Cost definitely factors into trimaran construction. The cross deck and extra hulls do add extra steel to the design. You have to pay for that extra steel as part of the build cost. (Figure 3‑1) But don’t assume this drastically increases the total build cost. Adding extra structure is far less expensive than adding extra machinery and power.
Consider the alternative to a trimaran: an equivalent monohull. For the monohull, we strip off the side amas and widen the center hull to maintain ship stability. But bad news. A wider hull requires a larger engine, and associated support machinery. In general, the machinery accounts for approximately 50% of the total build cost.

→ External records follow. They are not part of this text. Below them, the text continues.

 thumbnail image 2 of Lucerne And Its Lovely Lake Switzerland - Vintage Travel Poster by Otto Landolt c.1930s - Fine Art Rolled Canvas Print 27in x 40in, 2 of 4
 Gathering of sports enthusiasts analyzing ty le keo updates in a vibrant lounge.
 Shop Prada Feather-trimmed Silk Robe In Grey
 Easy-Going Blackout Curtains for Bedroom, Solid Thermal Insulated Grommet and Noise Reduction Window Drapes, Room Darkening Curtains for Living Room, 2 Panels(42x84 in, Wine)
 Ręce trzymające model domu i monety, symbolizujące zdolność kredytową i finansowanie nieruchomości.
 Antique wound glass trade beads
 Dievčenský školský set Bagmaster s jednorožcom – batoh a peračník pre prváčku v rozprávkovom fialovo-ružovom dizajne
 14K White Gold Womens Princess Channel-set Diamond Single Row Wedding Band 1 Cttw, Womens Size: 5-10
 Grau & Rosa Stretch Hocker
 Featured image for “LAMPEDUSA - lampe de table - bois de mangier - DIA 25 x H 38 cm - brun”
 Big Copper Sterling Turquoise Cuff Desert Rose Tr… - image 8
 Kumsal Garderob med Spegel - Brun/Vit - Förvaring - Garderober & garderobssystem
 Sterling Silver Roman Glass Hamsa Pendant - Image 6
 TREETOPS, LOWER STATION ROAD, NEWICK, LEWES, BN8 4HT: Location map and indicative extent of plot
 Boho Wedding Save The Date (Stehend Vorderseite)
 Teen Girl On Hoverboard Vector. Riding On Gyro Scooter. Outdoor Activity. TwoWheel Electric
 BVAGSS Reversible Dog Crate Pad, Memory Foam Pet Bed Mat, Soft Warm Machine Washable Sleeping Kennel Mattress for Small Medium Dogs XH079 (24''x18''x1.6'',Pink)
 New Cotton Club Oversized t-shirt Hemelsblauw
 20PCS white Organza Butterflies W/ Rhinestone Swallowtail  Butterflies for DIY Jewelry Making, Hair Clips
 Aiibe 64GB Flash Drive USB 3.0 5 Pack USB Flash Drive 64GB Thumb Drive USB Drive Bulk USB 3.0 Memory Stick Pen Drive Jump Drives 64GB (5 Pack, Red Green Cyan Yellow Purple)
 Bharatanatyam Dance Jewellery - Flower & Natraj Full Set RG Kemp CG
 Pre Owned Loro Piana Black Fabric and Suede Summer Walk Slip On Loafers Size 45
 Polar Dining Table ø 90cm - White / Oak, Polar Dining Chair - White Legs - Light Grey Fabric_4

The structure is only around 25-30% of the build cost.  Adding larger machinery costs twice as much as adding extra structure.
You see trimarans most often in high speed vessels and the occasional military vessel.
- Car ferries
- Military ships
One of the first experimental military trimarans was the Triton, a steel vessel with a displacement exceeding 1000 MT.  (Figure 4‑1) These are not little vessels.
Don’t think of trimarans as an expensive hullform. The prevalence of trimarans with expensive ships is mostly a coincidence. Imagine if you wanted a high speed ship. First step is pick a trimaran hullform. But for high speed, you also build it out of aluminum and load it with powerful engines. Those are all high priced decisions that get imposed on the trimaran hullform. The hull shape does not drive the price tag, and trimarans are not limited to high speed.
Aker Arctic even investigated using trimarans as an icebreaking tug. (Figure 4‑2) Aker found the trimaran configuration especially useful for cutting wide channels through the ice with less power. Trimarans are just a hull configuration. How you use the hull is up to you.
Don’t let the previous trimarans limit your imagination. The trimaran hullform bridges the gap between monohulls and catamarans. It offers some advantages of both deadweight capability and larger deck area. Primarily, trimarans deliver ship stability in a very power efficient package. What uses can you imagine with that flexibility?